_EXERCISE DATA_.

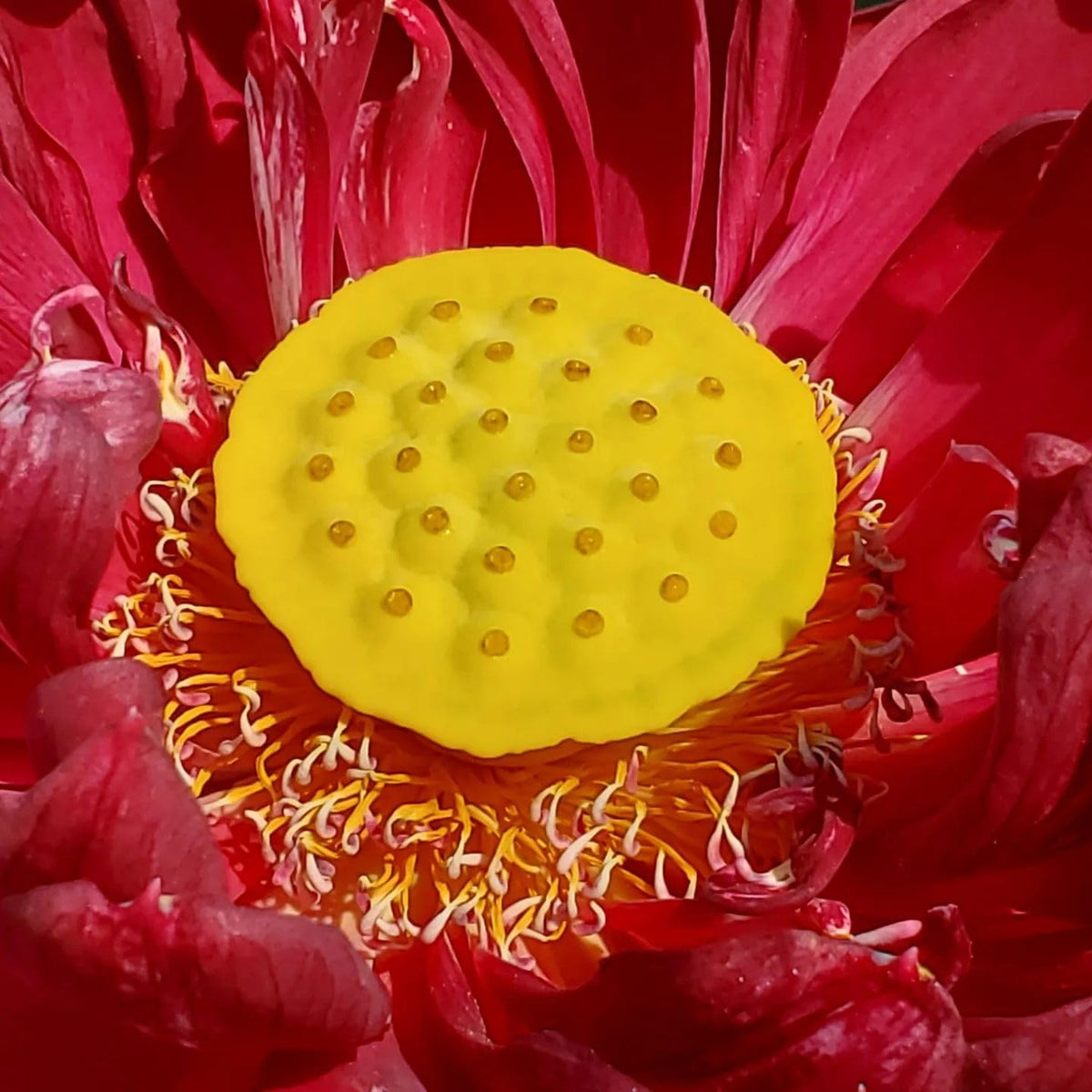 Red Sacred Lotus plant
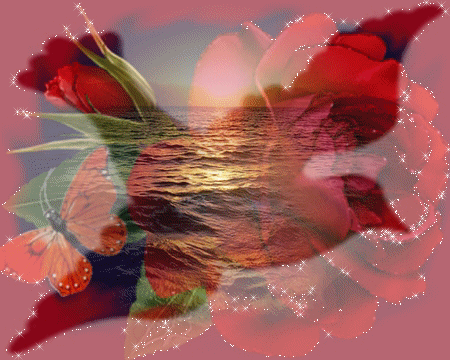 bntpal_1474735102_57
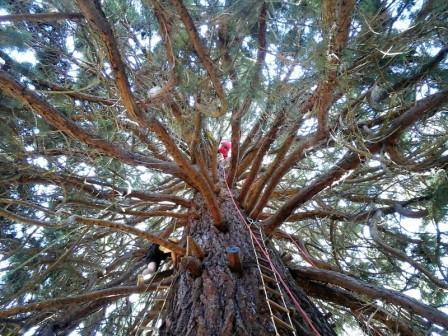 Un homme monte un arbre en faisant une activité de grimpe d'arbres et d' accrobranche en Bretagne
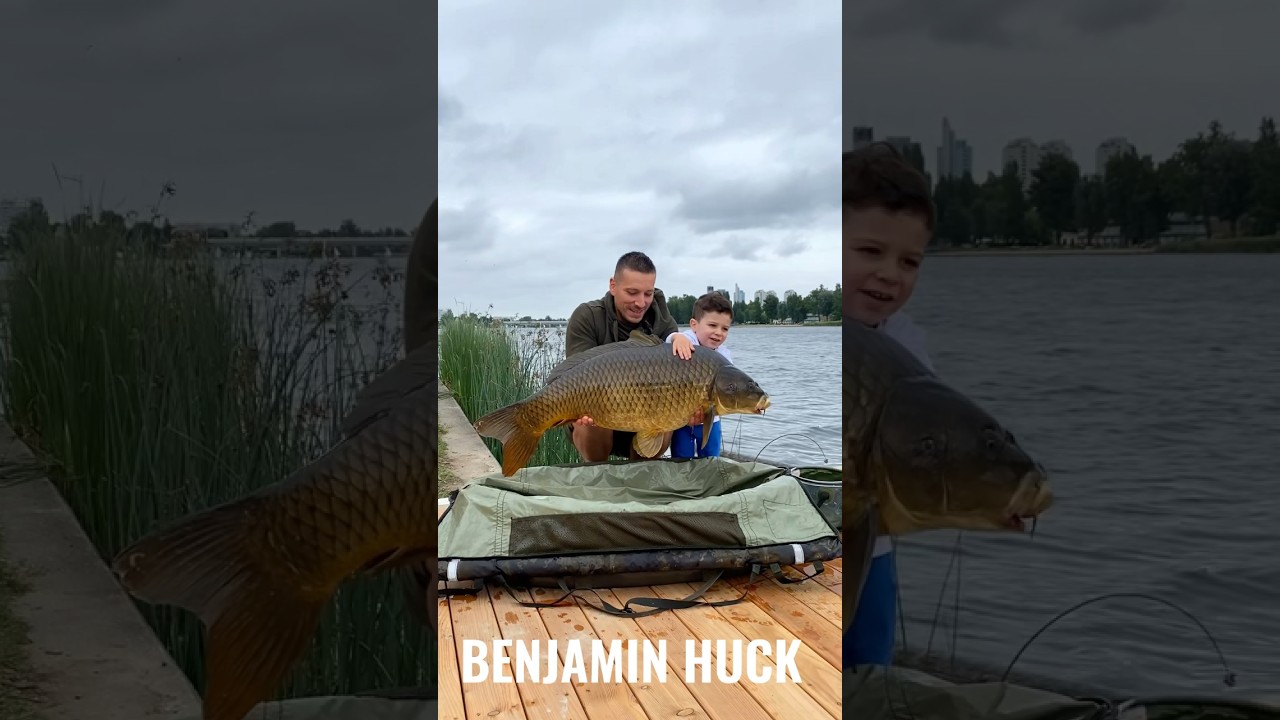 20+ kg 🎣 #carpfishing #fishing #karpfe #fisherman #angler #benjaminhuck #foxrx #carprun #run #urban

_TO DO_. Word for word, restate the material above; do not carry over the pictures.

_EXERCISE ANSWER_.
 Red Sacred Lotus plant
 bntpal_1474735102_57
 Un homme monte un arbre en faisant une activité de grimpe d'arbres et d' accrobranche en Bretagne
 20+ kg 🎣 #carpfishing #fishing #karpfe #fisherman #angler #benjaminhuck #foxrx #carprun #run #urban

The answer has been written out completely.